Mark Bellavia, Monroe Community College, mbellavia@monroecc.edu

Background
At Monroe Community College (MCC) MTH 098 Elementary Algebra is a developmental math course that does not count toward college credit for our students. It is a course that has one of the lowest student success rates at the college, and instructors are consistently discussing different methods to improve the success rate. To try and improve success rate in the past,  I have tried methods such as including additional homework problems, additional take-home quizzes, and using more class time for students to work on problems on their own while I went around the room to check for understanding. As an increased effort to improve my students’ success I decided to implement collaborative methods in my own teaching this semester. This did not come without hesitation, as I did have some concerns of students missing class and not being able to participate in collaborative activities, but ultimately I wanted to answer the inquiry question: “How can I use collaborative learning in my Elementary Algebra classes to increase student ability?”

Inquiry Design
To implement my action research, before the semester began I planned the changes I would need to make to my teaching methods in order to make the collaborative learning effective. First I decided which topics I wanted to implement collaborative learning in throughout the semester. I picked these examples based on where I have seen students struggle in the past, who might have benefitted from additional practice and time to talk with one another. I also realized that I would need to make up for some of the instructional time I would be using on collaborative learning, so I created Video-Homework assignments for students to watch online to complete the instruction of some of the more difficult examples from class. I figure implementing the examples this way will give the students the knowledge they would gain from class, but still get them to practice on their own. In past semesters teaching Elementary Algebra I found that students attendance tended to fade throughout the semester, so another change I decided to add to my course was to include points in my grading system for attendance. The rationale behind this being that students will not be able to get the benefits of working collaboratively if they are not present in class.

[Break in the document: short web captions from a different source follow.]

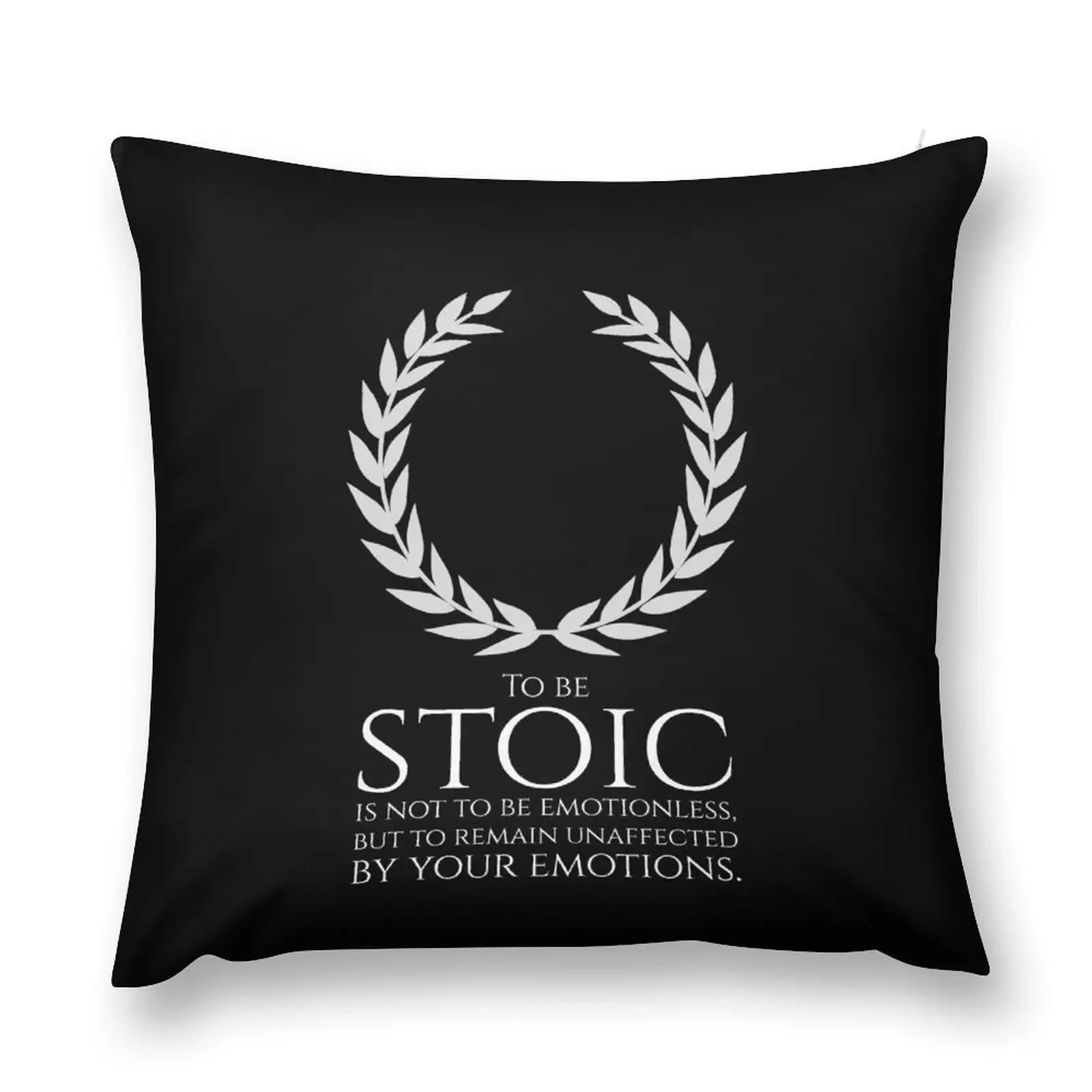 Stoicism - To be stoic is not to be emotionless, but to remain unaffected by your emotions. Throw Pillow Anime pillow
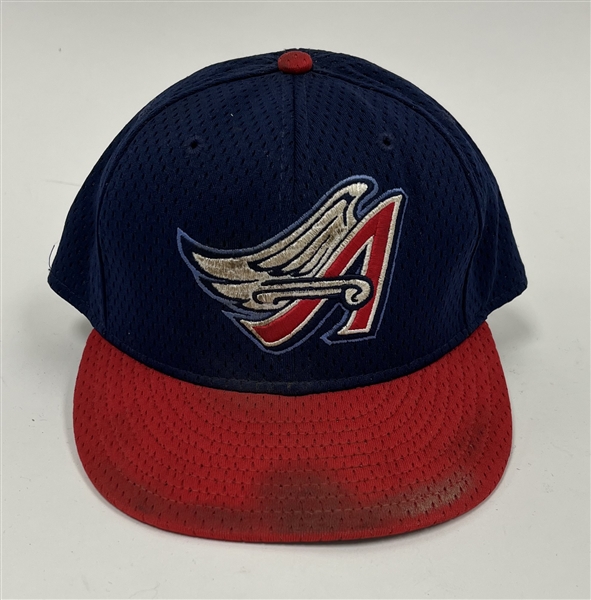 Mo Vaughn 2000 Anaheim Angels Game Used Hat
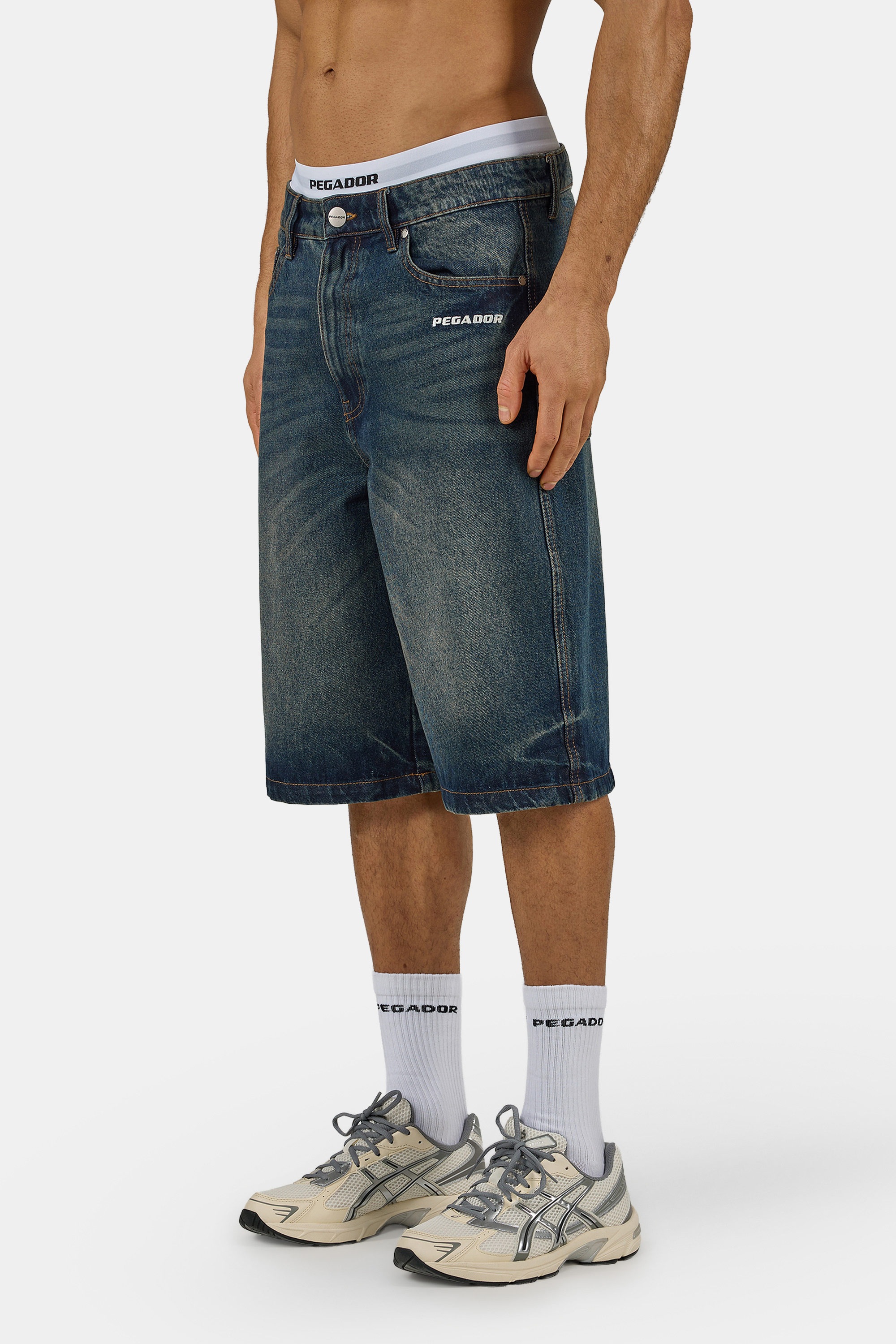 PEGADOR Short en jean »Kolar Jorts« coton, coupe régulière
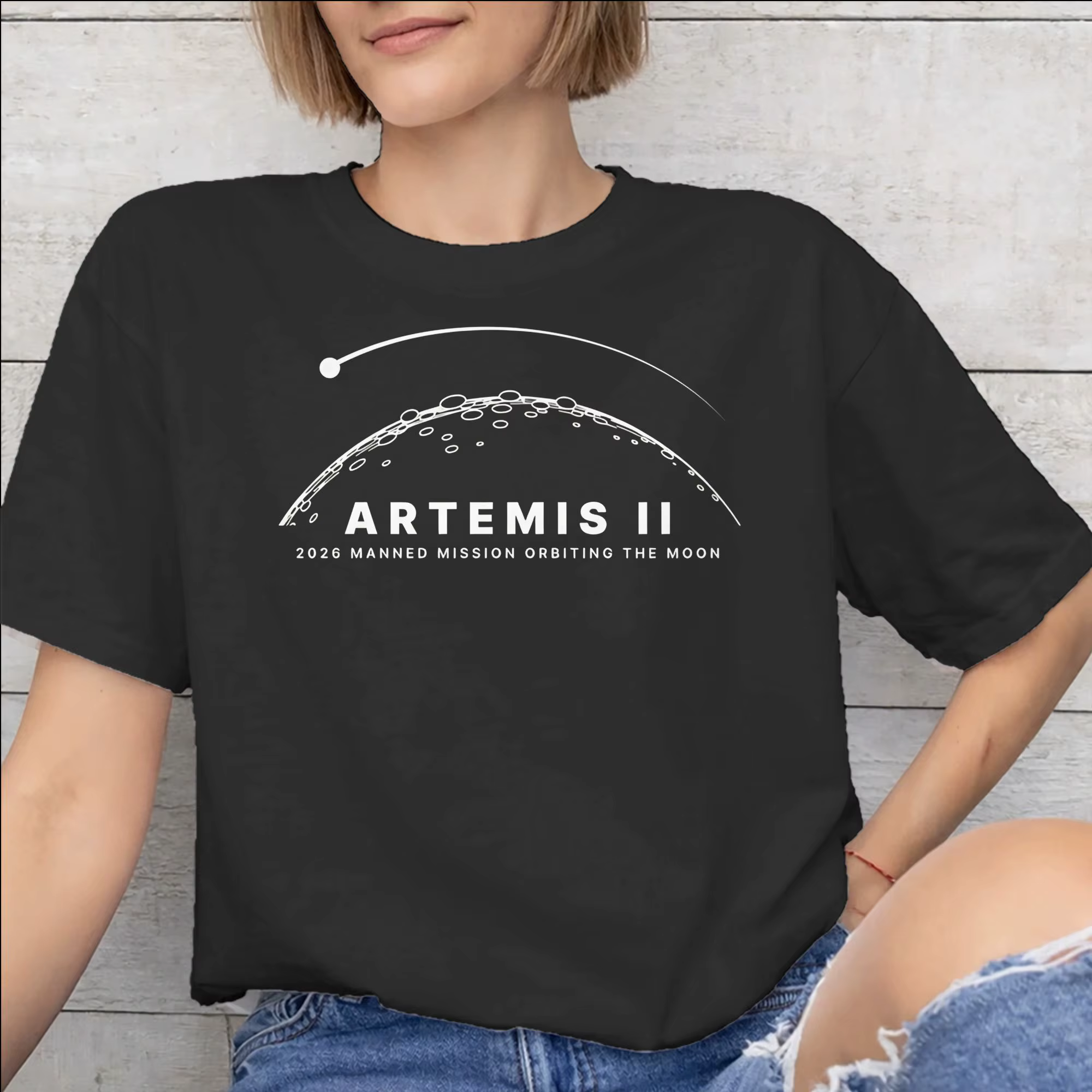 T-shirt Artemis II Mission To The Moon 2026 Artemis 2 pour hommes et femmes, t-shirts à la mode d'ét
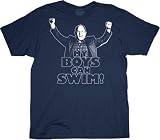 Seinfeld George My Boys Can Swim Navy T-shirt Tee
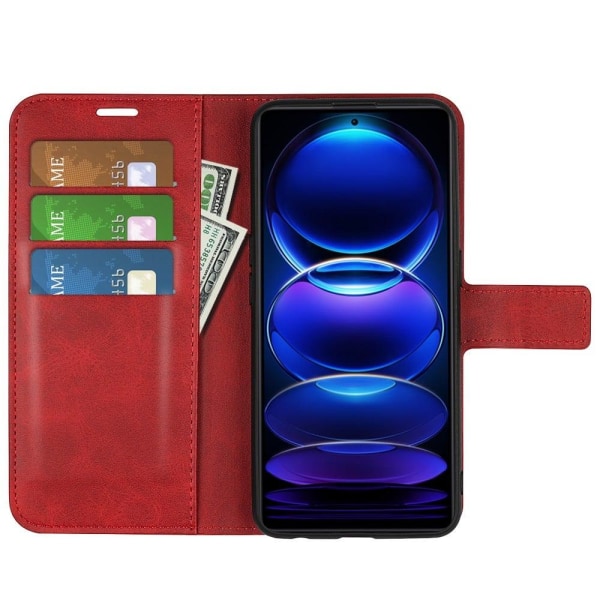 Lompakko Nahkakotelo For Xiaomi Redmi Note 12 Pro - Punainen Red
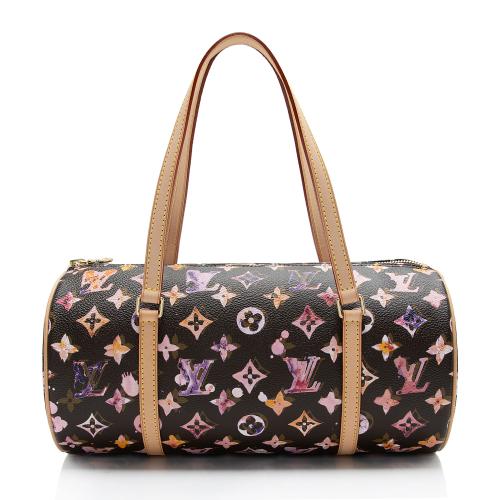 Louis Vuitton Limited Edition Monogram Watercolor Papillon 30 Satchel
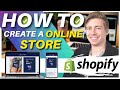 How to setup design  launch a shopify store 2024  ultimate shopify tutorial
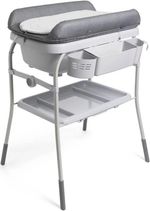 **Chicco Cuddle & Bubble Baby Bath and Changing Table Grey**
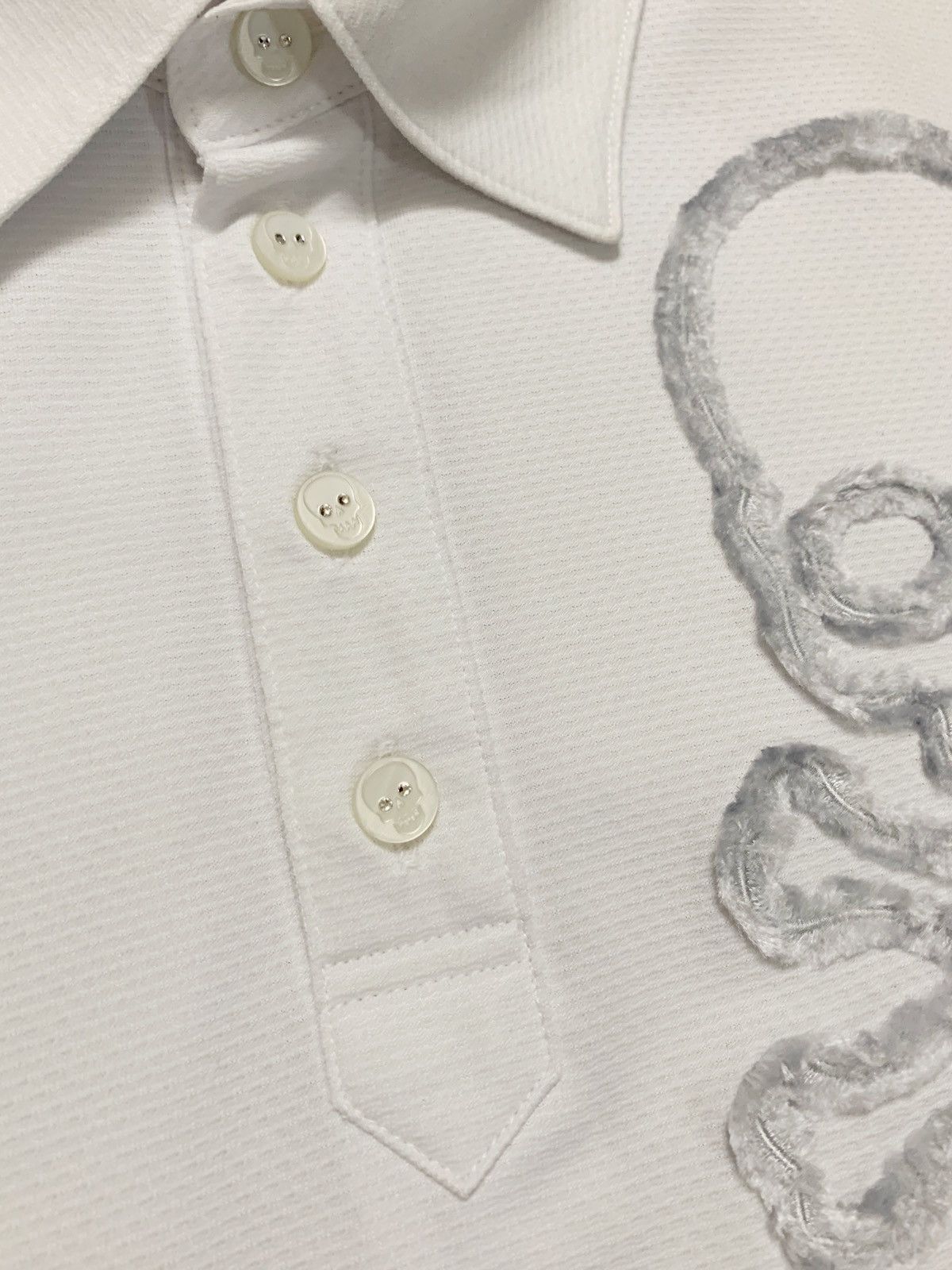 Japanese Brand Dance With Dragon Kyoto Japan Embroidered Skull Polo Jersey Size US M / EU 48-50 / 2 - 7 Thumbnail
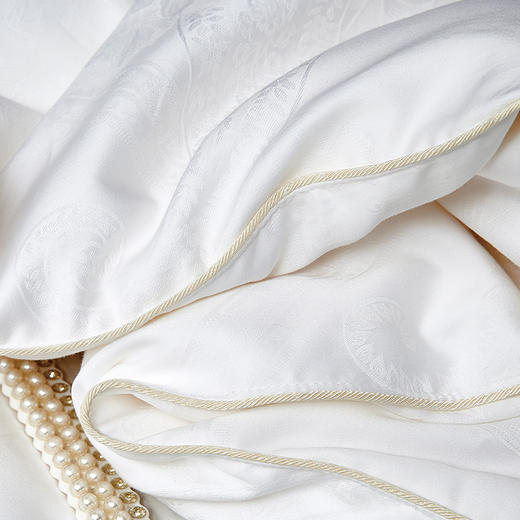 【6F】芸瑾·A类桑蚕丝被，白色 商品图1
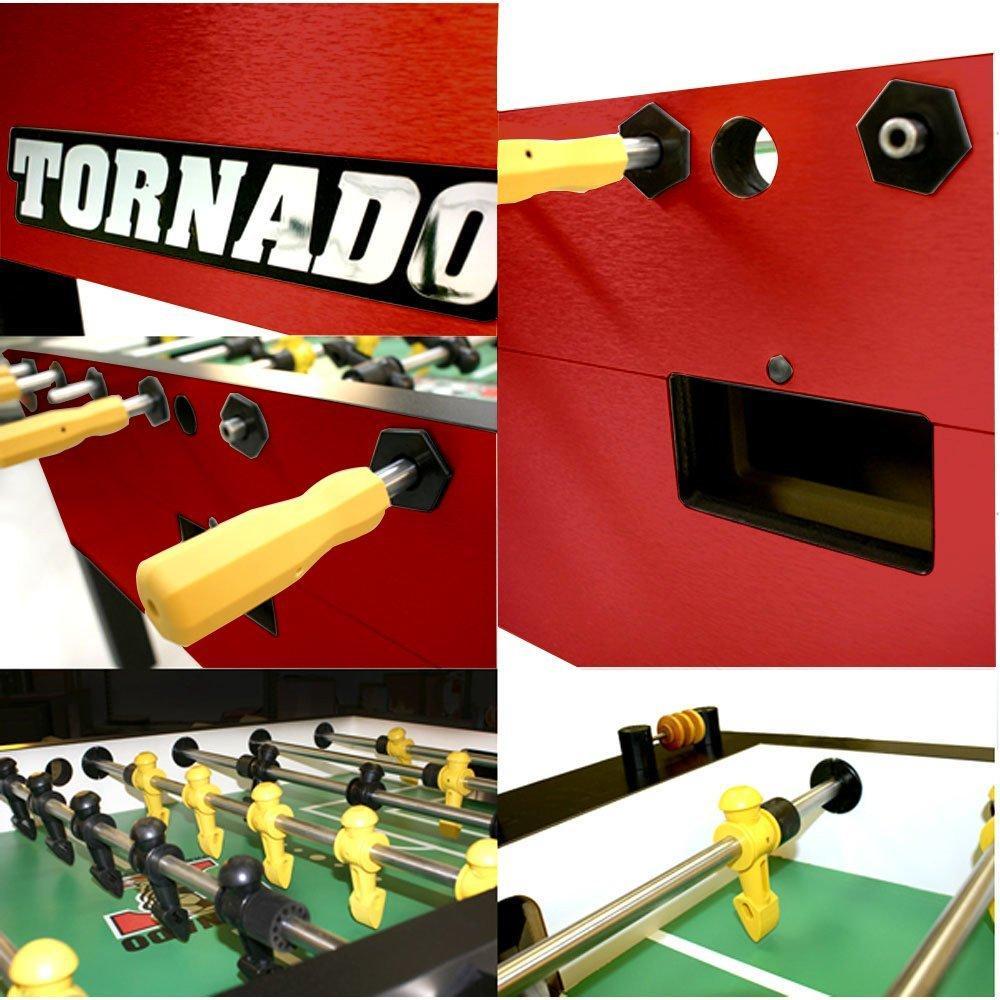 Tornado T-3000 Foosball Table In Crimson Red Non-Coin Home Model - Game Room Shop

During the second week of the semester I implemented my first Video-Homework assignment. I thought it was important to add this early in the semester, to set a precedent and get student buy-in to a new method of learning. On the day the Video-Homework was assigned 18 out of 22 students watched the video and completed the assigned problem at the end. From a quick informal survey of the class I could see there was positive reaction amongst students, and they were encouraged that they could pause and rewind the video to make sure they understood the concept. I did not include a collaborative activity the following class because a lot of the material at this point in the semester was still considered review.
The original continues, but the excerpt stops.